REPUBLIKA.CO.ID,JAKARTA -- Menurut ulama kalangan Madzhab Sayfii, wakaf bermakna menahan harta yang dapat dimanfaatkan, namun barangnya masih tetap dengan cara memutus kepemilikan sang pemilik. Dan peruntukkannya dalam kebaikan taqarrub kepada Allah.
Abdul Fattah As-Samman dalam buku Harta Nabi menjelaskan jenis-jenis wakaf dan juga hikmah disyariatkannya wakaf dalam Islam. Wakaf sendiri telah ada sejak zaman Rasulullah, bahkan Nabi dan para sahabat telah mencontohkan wakaf.

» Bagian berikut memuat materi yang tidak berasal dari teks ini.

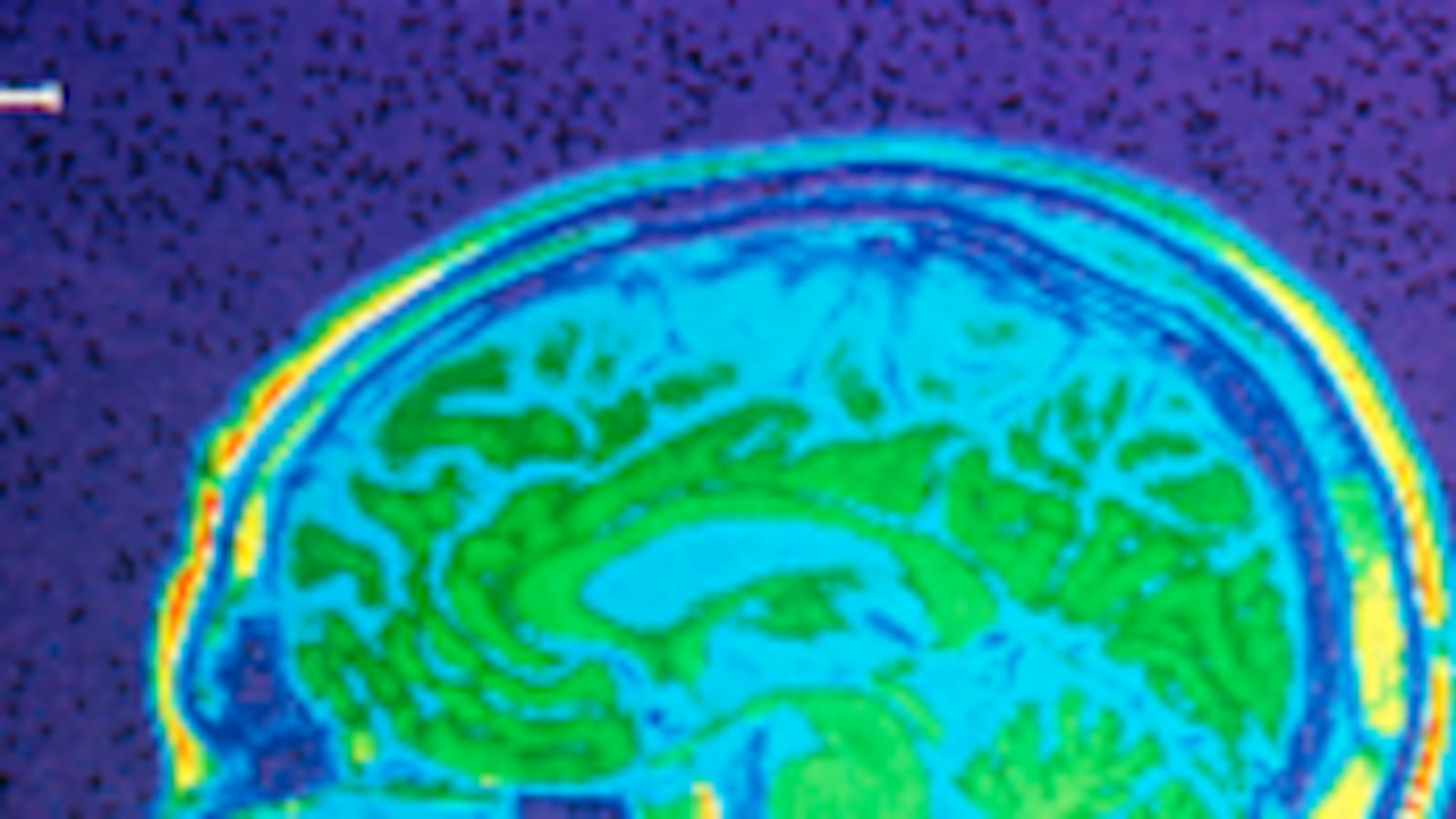 articles/2009/12/10/illustrating-the-brain/schwartz-mri-brain-technology_68747_i3pxls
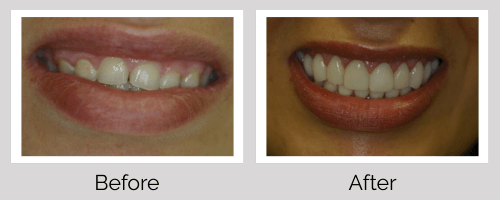 Veneers Before and After - Crown Point Dental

Para ulama terdahulu tidak membedakan antara wakaf kepada keluarga dengan wakaf kepada selain mereka dari segi penamaan. Mereka menyebut semuanya dengan nama wakaf, Habs, dan sedekah.
Akan tetapi para ulama kontemporer (mutakhirin) cenderung membedakan antara wakaf kepada keluarga dengan wakaf untuk kemaslahatan umum. Seprti kepada kaum kafir, para pencari ilmu, rumah sakit, dan lembaga pendidikan.

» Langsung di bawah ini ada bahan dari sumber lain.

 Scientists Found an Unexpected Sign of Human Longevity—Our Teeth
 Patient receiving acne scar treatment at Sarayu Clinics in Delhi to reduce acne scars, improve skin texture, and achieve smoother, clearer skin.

Sehingga menurut mereka, wakaf ada dua macam:
Wakaf ahli (dzurri). Yakni wakaf untuk anak, cucu, dan kerabat, sebagaimana wakaf Abu Thalhah yang pernah disebutkan dalam sejumlah literatur Islam.
2. Wakaf Khairi. Yakni wakaf untuk bermacam-macam kebaikan secara umum. Seperti wakaf tanah untuk bangunan masjid, sekolah, rumah sakit, dan sebagainya (atau dalam bahasa terkini disebut sebagai wakaf produktif).

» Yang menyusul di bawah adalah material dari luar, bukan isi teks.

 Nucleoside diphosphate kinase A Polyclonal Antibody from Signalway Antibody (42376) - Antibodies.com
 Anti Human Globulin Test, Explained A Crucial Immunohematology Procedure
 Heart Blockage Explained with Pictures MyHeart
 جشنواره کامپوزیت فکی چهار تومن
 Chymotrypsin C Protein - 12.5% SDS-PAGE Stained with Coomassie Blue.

Dinamakan wakaf khairi karena ia menarik kebaikan dan memberikan manfaat secara umum. Wakaf jenis kecua inilah yang umum dan yang dilakukan oleh mayoritas sahabat dan dijadikan ajang berlomba-lomba dalam kebaikan untuk meraih keridhaan Allah SWT.
Hikmah disyariatkannya wakaf
Allah mensyariatkan wakaf karena di dalamnya terkandung unsur taqarrub (mendekatkan diri) kepada Allah dan terkandung nilai kasih sayang terhadap kerabat dan orang-orang fakir.
Dapat dimungkinan seseorang mewakafkan buah atau biji tanaman untuk kerabat-kerabatnya. Selain itu, wakaf menjaga kemaslahatan kaum Muslimin. Mungkin saja seseorang mewakafkan sumurnya untuk kaum Muslimin agar mereka memanfaatkannya untuk keperluan-keperluan mereka.